IF I had to find a personal reason to explain the 1BLACKMalaysia campaign, I would attribute it to the determination of Perakians to denounce things they don’t like.
And I would give the royal example of the late Sultan Idris Shah II of Perak. He vowed not to shave his moustache and beard if the Barisan Nasional (BN) did not remove Tan Sri Mohamed Ghazali Jawi as menteri besar in the late 1970s. Of course, the monarch won.
But 1BLACKMalaysia is not about royal assertiveness. It’s about civil disobedience.
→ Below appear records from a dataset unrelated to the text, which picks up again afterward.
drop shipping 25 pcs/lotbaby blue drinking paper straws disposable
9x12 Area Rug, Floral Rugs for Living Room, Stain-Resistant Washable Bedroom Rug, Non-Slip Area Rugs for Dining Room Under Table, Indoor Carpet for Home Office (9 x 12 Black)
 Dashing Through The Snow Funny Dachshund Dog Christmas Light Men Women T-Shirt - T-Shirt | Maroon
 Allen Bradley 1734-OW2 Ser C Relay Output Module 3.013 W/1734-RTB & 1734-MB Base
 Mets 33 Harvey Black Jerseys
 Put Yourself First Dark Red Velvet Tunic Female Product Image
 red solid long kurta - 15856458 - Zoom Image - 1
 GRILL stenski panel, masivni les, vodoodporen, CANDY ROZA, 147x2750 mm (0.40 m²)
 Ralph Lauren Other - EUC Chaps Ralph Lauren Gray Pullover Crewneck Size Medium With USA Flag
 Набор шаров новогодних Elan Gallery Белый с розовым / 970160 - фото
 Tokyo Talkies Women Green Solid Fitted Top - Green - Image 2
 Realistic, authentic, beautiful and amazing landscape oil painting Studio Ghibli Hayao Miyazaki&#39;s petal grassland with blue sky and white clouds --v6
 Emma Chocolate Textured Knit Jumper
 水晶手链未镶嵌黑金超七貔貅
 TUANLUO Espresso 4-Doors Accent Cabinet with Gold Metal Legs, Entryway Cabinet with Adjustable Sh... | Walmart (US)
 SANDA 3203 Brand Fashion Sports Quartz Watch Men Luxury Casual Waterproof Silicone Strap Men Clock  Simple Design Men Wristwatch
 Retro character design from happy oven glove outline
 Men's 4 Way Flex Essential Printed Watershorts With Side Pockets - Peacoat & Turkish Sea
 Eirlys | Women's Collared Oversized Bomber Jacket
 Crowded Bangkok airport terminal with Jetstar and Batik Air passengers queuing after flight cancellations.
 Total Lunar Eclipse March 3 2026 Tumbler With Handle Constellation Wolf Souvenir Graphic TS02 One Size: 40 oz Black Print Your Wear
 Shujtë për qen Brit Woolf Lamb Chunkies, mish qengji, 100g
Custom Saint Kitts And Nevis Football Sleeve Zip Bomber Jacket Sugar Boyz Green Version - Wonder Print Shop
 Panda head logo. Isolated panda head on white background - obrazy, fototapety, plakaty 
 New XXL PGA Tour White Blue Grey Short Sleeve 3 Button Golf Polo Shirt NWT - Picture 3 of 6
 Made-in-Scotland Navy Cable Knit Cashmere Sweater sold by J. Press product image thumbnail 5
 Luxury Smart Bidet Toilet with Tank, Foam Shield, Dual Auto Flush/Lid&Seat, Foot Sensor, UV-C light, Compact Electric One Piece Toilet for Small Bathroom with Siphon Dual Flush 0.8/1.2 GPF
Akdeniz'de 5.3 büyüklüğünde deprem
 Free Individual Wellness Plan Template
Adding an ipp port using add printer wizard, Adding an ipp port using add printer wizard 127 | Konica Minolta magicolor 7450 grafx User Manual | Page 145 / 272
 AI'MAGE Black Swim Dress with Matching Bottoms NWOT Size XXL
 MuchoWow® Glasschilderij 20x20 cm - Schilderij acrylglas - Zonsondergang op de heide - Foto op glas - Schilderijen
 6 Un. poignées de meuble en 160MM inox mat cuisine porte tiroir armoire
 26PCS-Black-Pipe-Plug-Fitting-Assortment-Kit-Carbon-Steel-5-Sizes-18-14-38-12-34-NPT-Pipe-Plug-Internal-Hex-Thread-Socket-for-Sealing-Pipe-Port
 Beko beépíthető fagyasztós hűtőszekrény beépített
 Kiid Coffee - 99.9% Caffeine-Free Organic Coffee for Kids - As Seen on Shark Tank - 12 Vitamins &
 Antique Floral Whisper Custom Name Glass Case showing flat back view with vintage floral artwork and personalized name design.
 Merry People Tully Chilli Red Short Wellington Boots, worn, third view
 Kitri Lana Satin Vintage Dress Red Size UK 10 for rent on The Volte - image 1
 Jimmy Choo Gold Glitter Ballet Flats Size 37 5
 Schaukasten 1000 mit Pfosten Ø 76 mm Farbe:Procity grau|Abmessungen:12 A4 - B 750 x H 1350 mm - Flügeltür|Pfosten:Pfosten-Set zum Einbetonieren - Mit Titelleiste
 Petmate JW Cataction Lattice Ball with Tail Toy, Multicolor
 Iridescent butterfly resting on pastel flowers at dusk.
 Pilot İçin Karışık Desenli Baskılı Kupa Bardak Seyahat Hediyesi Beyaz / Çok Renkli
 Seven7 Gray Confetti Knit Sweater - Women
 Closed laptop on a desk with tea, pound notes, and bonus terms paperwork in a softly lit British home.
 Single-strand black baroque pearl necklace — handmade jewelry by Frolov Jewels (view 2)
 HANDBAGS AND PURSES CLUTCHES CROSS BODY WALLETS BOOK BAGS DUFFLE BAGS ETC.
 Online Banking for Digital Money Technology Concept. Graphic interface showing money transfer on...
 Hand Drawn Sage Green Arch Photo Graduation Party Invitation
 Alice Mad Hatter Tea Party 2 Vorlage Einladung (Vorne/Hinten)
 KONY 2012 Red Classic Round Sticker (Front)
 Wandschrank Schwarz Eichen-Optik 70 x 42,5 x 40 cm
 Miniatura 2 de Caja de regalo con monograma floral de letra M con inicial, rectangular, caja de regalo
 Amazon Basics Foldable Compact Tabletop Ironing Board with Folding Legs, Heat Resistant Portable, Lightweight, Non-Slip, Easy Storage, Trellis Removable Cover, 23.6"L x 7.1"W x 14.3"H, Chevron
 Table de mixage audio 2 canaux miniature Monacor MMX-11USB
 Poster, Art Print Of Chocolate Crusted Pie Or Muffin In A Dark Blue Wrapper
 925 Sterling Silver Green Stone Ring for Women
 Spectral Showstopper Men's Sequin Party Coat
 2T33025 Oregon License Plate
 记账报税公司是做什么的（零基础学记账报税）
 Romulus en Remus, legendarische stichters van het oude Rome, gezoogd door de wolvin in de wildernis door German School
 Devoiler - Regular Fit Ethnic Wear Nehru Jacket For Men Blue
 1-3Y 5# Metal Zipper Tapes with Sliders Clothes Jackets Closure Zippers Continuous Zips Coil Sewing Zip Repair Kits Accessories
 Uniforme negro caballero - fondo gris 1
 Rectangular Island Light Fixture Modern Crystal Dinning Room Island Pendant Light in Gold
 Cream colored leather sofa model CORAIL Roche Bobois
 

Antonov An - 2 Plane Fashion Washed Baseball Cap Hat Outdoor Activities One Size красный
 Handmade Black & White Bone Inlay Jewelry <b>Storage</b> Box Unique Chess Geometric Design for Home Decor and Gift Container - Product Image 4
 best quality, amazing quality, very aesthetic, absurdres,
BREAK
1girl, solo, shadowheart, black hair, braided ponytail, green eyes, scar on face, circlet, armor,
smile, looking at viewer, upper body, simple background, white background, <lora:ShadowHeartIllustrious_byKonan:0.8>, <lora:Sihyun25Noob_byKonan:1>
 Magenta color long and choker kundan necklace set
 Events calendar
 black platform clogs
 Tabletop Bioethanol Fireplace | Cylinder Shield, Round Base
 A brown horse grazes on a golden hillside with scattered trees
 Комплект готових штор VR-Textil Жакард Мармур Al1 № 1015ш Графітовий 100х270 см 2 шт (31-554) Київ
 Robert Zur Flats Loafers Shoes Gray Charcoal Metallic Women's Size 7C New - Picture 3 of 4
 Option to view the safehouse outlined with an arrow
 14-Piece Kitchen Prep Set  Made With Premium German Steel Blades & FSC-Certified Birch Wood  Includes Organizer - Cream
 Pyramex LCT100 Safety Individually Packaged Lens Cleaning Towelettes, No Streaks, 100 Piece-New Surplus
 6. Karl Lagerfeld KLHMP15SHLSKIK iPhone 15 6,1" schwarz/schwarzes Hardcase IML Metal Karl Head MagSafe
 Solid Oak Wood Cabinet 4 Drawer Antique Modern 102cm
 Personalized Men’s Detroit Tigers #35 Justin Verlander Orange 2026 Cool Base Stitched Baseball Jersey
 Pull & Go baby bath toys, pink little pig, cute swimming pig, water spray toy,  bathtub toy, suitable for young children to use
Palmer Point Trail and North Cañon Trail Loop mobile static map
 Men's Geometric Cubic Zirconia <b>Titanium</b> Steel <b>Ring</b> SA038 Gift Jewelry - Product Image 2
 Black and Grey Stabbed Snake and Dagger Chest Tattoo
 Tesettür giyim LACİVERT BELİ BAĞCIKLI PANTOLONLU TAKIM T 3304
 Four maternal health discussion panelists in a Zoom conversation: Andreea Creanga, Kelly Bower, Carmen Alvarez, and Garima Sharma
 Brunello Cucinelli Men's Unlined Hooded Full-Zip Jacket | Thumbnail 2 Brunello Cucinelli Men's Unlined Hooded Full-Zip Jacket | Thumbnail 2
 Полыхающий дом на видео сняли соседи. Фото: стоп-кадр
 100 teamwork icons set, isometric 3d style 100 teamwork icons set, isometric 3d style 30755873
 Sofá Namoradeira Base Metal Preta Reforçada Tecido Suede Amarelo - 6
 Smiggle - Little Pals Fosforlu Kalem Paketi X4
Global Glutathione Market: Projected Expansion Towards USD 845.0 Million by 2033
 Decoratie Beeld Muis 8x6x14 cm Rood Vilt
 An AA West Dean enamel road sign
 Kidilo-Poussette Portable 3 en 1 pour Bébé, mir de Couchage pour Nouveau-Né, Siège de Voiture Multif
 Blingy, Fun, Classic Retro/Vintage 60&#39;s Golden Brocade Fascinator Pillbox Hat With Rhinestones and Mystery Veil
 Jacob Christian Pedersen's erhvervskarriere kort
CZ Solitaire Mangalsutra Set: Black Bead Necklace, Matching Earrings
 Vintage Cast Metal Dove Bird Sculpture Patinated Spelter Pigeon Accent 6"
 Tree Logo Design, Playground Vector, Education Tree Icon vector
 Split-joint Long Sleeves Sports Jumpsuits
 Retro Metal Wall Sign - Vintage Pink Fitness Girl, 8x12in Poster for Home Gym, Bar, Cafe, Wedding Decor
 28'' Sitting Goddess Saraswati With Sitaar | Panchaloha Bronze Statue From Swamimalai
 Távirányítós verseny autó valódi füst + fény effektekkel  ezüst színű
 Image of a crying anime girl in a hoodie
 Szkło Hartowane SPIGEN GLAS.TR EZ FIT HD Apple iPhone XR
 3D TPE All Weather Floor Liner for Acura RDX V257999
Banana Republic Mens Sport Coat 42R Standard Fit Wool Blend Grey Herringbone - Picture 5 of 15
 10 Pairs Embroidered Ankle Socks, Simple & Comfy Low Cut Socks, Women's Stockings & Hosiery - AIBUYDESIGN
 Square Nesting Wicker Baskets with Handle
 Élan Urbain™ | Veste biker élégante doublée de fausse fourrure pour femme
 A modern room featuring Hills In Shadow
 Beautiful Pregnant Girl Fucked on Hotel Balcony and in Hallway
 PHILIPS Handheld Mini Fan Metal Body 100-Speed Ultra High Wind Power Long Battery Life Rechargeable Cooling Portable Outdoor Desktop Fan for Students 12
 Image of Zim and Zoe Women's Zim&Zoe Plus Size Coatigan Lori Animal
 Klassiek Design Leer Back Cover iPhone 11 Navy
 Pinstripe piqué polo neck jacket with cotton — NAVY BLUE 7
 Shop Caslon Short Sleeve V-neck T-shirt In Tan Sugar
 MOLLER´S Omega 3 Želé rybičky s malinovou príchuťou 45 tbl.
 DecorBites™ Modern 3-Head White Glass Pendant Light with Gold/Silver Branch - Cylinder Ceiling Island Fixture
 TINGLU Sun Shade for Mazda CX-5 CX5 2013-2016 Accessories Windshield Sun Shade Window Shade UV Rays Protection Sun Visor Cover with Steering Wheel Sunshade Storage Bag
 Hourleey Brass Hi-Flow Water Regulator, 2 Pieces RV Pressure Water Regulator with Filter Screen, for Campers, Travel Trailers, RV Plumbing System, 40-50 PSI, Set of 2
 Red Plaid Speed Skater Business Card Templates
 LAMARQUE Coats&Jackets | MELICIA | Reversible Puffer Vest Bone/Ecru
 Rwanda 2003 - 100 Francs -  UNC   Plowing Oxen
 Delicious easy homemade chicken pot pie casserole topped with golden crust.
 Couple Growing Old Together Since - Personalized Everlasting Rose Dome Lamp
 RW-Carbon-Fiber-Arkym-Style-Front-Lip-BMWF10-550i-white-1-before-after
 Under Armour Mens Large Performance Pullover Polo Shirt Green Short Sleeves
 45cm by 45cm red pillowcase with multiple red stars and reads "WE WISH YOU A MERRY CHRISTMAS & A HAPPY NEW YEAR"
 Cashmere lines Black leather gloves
Peaceful, simple, minimalist
I have been wearing black since 6 Feb 2009, when Datuk Seri Dr Zambry Abdul Kadir was unconstitutionally installed in and by the palace. Pakatan Rakyat (PR) leaders and supporters have been wearing black, but most do it on an on-and-off basis.
The idea of getting everyone to wear black on 7 May, subverting Prime Minister Datuk Seri Najib Razak’s “1Malaysia, People First, Performance Now” into “1BLACKMalaysia, Democracy First, Elections Now”, emerged only on 1 May. At that time, possible chaos during the 7 May session of the Perak legislative assembly had loomed large in many people’s minds.
So, how did a simple campaign of civil disobedience that only required its supporters to wear black drown out Najib’s million-ringgit soundbites?
The answer perhaps lies in the campaign’s three features: non-violence, simplicity and minimalism.
First, the campaign is absolutely non-violent, and a pure exercise of free speech. In no way can the state find any reference to any physical resistance or violence in the message.
So, when police personnel detained joggers and restaurant patrons wearing black, the violent party was clearly the police, not the detainees or their supporters.
Second, wearing black is such a simple act that everyone can take part. People need not disrupt their routine or put aside their responsibility to wear black. This minimises excuses for non-participation.
People may choose not to wear black if they don’t believe that a government must be produced only via elections, or that big enough numbers of people wearing black will make an impact. But they can never blame it on the cost — in other words, that wearing black is expensive and time-consuming, as if wearing other colours were cheaper and more efficient.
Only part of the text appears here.